By Stephen Neukam and Hailey Hensley
Rider has decided to close the College of Continuing Studies (CCS), one of its five colleges, in a further effort to cut costs as the university deals with significant financial losses, Provost and Vice President of Academic Affairs DonnaJean Fredeen announced Sept. 29.
The news was broken to CCS staff and faculty in an abrupt meeting, with Fredeen saying that the financial projections for the university make the move necessary, giving the school “significant annual cost savings.” The closure is effective immediately.
The move will eliminate five positions and save about $500,000 annually, according to Fredeen. Others have been reassigned to different positions in the university.
Fredeen explained that the structure of CCS, which embedded faculty and programs into different colleges and departments, made the closure an attractive option. CCS focused on nontraditional students working to complete unfinished college degrees, and also managed Rider’s summer and January term classes as well as pre-college summer programs.
Some of CCS’ programs and functions have been relocated to different areas of the school.
Two university employees within CCS, speaking on the condition of anonymity, said that CCS Dean Boris Vilic was laid off. When asked directly, Fredeen declined to discuss personnel matters. Vilic could not be reached for comment.
According to university projections, CCS had come in at 86% of its fall enrollment projection in 2019 and 85% in 2020.
The college’s summer and winter programs exceeded its revenue projections for 2020, bringing in $5.8 million, according to university data.

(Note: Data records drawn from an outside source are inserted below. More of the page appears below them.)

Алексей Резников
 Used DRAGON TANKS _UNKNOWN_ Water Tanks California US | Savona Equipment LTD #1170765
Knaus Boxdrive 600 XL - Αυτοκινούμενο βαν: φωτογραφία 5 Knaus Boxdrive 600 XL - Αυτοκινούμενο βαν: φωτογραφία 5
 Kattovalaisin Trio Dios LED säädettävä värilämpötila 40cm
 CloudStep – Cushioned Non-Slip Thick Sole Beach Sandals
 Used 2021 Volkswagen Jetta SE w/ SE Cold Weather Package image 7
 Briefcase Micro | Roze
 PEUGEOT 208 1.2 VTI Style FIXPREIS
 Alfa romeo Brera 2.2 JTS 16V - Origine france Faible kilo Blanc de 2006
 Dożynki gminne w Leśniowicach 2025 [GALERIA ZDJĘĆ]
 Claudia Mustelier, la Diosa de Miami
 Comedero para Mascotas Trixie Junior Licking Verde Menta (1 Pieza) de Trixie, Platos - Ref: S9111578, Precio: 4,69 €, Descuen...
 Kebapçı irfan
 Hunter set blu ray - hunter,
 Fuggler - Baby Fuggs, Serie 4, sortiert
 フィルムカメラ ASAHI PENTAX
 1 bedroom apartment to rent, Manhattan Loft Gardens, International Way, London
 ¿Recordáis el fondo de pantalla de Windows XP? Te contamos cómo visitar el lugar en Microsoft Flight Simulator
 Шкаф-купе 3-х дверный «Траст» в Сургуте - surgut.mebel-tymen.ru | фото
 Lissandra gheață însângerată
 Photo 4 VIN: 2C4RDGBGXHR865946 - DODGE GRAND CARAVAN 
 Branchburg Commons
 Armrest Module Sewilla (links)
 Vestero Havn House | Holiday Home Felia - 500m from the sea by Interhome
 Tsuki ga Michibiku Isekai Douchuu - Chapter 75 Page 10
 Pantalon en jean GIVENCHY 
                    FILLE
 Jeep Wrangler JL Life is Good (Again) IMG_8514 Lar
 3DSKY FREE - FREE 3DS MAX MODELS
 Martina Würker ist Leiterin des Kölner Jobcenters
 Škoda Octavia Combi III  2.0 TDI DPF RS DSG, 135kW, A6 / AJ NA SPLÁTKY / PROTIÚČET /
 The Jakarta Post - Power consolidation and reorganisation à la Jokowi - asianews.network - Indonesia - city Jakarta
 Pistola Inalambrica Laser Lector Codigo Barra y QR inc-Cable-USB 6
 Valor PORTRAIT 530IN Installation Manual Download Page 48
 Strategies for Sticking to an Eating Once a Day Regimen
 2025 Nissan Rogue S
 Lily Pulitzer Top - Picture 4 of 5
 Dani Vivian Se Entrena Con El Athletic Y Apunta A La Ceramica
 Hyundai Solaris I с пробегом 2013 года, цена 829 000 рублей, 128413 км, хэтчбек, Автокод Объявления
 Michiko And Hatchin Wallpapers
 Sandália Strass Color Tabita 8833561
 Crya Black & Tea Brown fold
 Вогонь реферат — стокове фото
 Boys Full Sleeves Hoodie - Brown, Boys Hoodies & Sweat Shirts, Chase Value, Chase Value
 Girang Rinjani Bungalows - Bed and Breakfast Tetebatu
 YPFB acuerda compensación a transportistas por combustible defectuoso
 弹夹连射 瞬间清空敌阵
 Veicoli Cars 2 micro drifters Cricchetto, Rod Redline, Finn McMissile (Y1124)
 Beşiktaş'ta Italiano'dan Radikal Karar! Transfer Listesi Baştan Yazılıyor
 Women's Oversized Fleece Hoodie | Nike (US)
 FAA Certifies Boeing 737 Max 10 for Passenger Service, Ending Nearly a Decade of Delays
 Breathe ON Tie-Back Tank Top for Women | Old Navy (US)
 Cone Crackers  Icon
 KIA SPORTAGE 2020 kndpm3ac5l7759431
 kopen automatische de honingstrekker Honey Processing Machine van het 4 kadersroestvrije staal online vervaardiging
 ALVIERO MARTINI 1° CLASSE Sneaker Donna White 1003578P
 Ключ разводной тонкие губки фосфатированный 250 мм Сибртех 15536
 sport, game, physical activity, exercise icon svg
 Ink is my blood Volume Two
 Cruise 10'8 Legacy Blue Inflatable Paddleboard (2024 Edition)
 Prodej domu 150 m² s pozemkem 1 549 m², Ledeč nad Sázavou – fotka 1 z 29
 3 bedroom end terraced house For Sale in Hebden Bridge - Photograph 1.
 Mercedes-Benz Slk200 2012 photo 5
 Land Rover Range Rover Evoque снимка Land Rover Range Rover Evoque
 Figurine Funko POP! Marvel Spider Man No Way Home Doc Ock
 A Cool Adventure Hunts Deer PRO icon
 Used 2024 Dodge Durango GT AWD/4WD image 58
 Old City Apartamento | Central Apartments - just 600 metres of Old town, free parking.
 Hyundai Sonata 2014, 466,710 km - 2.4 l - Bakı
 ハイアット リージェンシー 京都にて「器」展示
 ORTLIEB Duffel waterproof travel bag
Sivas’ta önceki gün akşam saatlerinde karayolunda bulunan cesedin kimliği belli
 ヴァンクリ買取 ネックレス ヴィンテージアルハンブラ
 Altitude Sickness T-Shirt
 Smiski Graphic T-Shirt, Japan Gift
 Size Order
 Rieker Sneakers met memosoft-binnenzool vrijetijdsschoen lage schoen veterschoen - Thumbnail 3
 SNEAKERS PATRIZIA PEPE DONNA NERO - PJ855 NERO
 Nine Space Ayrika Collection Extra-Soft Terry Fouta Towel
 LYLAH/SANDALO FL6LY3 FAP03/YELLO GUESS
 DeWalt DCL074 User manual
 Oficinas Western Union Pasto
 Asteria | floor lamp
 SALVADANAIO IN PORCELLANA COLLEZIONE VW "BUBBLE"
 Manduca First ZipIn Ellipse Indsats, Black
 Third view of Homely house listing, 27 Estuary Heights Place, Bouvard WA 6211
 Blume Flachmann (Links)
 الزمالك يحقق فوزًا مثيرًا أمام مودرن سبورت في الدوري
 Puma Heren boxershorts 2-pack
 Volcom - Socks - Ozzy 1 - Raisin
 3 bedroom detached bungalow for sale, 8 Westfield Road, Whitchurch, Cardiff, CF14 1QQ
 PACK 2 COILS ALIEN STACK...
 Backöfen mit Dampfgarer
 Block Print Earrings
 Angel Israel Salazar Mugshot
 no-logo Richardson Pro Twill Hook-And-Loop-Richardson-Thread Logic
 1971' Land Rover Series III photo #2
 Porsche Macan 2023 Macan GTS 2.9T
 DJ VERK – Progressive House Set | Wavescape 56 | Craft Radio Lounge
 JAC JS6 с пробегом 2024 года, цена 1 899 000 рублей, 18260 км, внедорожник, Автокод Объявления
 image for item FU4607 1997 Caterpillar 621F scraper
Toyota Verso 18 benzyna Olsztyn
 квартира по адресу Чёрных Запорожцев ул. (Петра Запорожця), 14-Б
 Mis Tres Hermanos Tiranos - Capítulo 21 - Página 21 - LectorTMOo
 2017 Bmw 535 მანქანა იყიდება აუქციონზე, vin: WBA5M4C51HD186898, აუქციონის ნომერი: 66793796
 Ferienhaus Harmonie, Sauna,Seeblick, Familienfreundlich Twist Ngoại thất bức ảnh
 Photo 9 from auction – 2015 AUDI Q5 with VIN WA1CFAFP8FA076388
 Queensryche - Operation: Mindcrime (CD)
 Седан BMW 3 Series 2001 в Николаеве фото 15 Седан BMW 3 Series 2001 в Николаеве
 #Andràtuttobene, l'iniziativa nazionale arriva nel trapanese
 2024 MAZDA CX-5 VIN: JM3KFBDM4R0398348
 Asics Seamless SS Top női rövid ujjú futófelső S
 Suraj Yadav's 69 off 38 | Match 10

The move comes after the university made an effort last semester to invest in the college, relocating CCS to a newly-renovated office space on the second floor of the Bart Luedeke Center.
The release of Vilic as a dean is a move that bucks a trend of an enlarging management system at Rider. The university is planning on adding at least one more cabinet position with the addition of a chief diversity officer.
Between 2013 and 2018, management positions at Rider increased by 36 people, with a nearly $3.4 million boost in aggregate pay, according to data from the National Center for Education Statistics.